Apart from being an obvious beneficiary of the delayed safe-haven trade, from a technical perspective, the charts point to a move above 1300 now.
Support is clearly delineated at the 200-day moving average at 1257.50 and 1240.
Resistance is at the Asia session high of 1280 before a triple top from October at 1308. However, traders should keep an eye on the RSI and Stochastics for signs of bearish divergence.
Rose 2.40% in overnight trading to 18.3250 following gold as a safe haven darling. Asia has had another look at the upside to 18.4400 before falling back to roughly unchanged at 18.3250.

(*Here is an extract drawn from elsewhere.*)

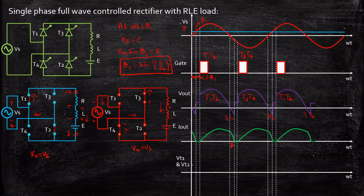At the 0th instant, Vs equals 0, so Vs minus E equals minus E — the voltage across T1 and T2 starts at minus E and gradually follows the supply voltage. At alpha, when T1 and T2 start conducting, the voltage across them instantly goes to 0 and stays at 0 throughout their conduction period. Once T1 and T2 stop conducting and T3 and T4 are turned on, whatever negative voltage is supplied from the source appears across T1 and T2, following the supply voltage waveform again, and the pattern repeats.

Silver has key resistance just above here at 18.4500 where it has failed multiple times, most recently last Friday. A close above clearly opens a technical move to 19.0000 on the charts.
Support meanwhile, lies at 18.0725 the 200-day moving average and then yesterday’s lows at 17.9000.
The Nikkei has fallen over 1.0% today as the large move up in the Yen vs. the USD saw exporter stocks sold. The ongoing situation with Toshiba and its non-endorsed accounts continues to weigh as well, with delisting a real possibility. The YEN appreciation on safe haven flows and a compressing of the US/Japan yield spreads will continue to weigh on the index. The Nikkei continues to bump along its four-month lows.
The Nikkei has intraday support at 18.585 with a daily close below suggesting a move to the next support around 18200. We have traded below this level today, but a recent bounce to 18626 means it is the daily close we must watch.
The Nikkei has resistance at 18945, Monday’s high and then the 19145/19225 zone, the 100 and 200-day moving averages.
Global tensions and a rush to safety ruled the New York session, and this has followed through to Asia. The break of 110 in USD/JPY is extremely significant. With a long weekend globally nearly upon us and further North Korea risk this Friday, the safety first theme is likely to continue.